[Web page caption snippets]
★ ★ ★ ★ ★ ★ ★
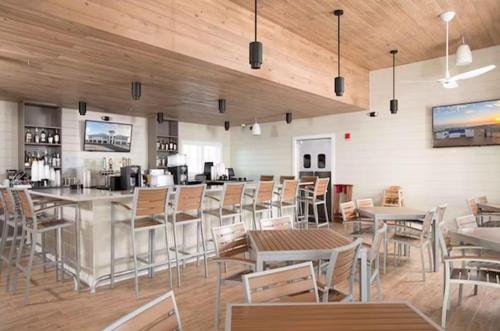 un restaurante con mesas y sillas y un bar en Summer Breeze at Lost Key Golf & Beach Club, en Pensacola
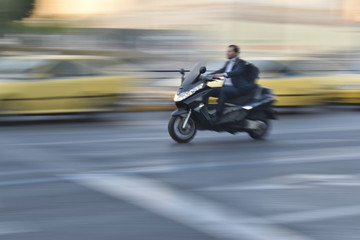 Fototapeta na wymiar capture de mouvement (filé) sur une moto sans casque grecque à athènes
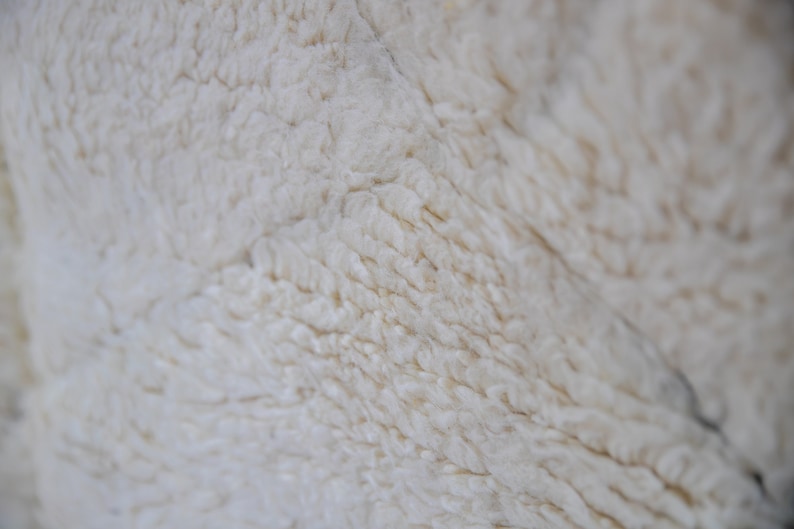May include: Close-up of a cream-colored, textured fabric. The surface has a soft, fluffy appearance with visible fibers and subtle variations in tone. The texture suggests a warm, cozy material.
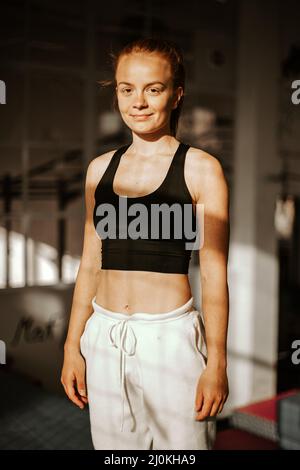 Hochformat . Junge attraktive lächelnde Frau Athlet in Sportkleidung in der Turnhalle . Sonnenuntergang Stockfoto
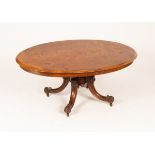 A Victorian figured walnut oval table top on a square column and quadruple base,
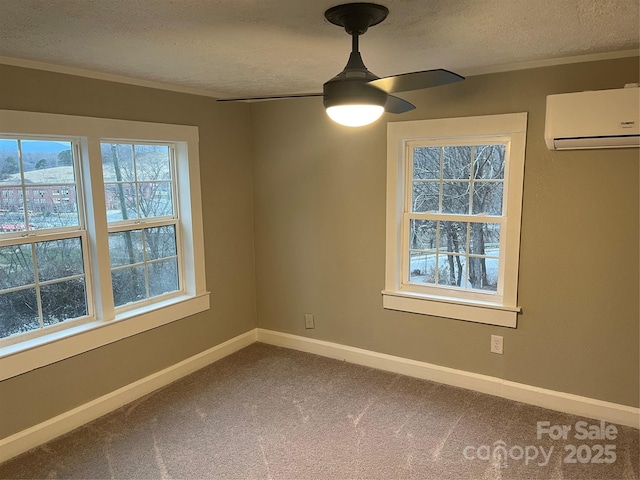 empty room with an AC wall unit, carpet floors, ceiling fan, crown molding, and a textured ceiling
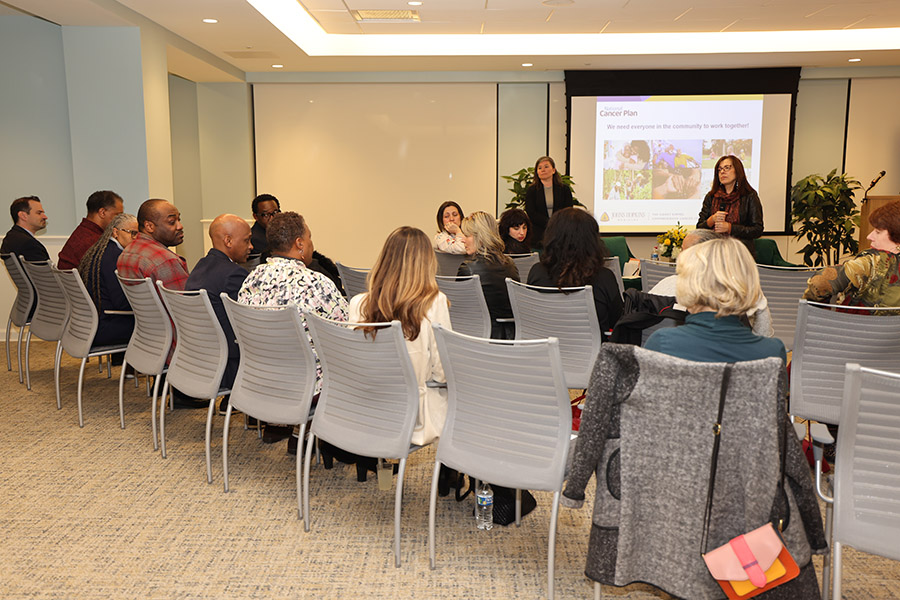 Elizabeth Jaffee, M.D., leading a conversation with dozens of students and trainees from VCU.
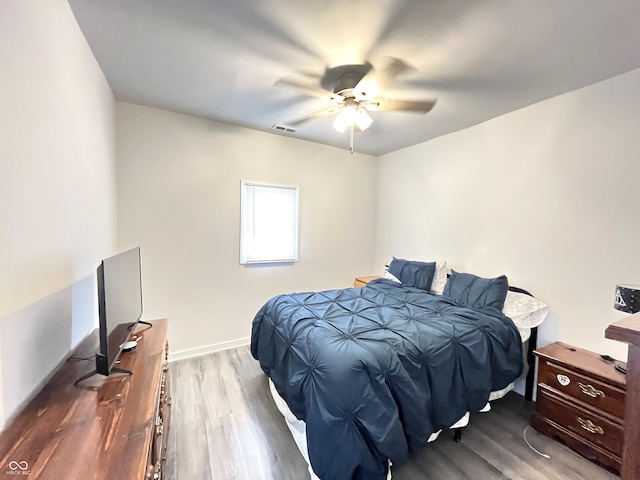 bedroom with hardwood / wood-style floors and ceiling fan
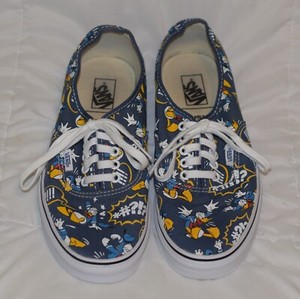 white and black platform vans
★ ★ ★ ★ ★ ★ ★
▸ EXERCISE DESCRIPTION
The expected output is an exact copy of the lines from the one with "empty room with" to the final line of the entries above, pictures excepted; please include both ends.

▸ REPLY
 empty room with an AC wall unit, carpet floors, ceiling fan, crown molding, and a textured ceiling
 Elizabeth Jaffee, M.D., leading a conversation with dozens of students and trainees from VCU.
 bedroom with hardwood / wood-style floors and ceiling fan
 white and black platform vans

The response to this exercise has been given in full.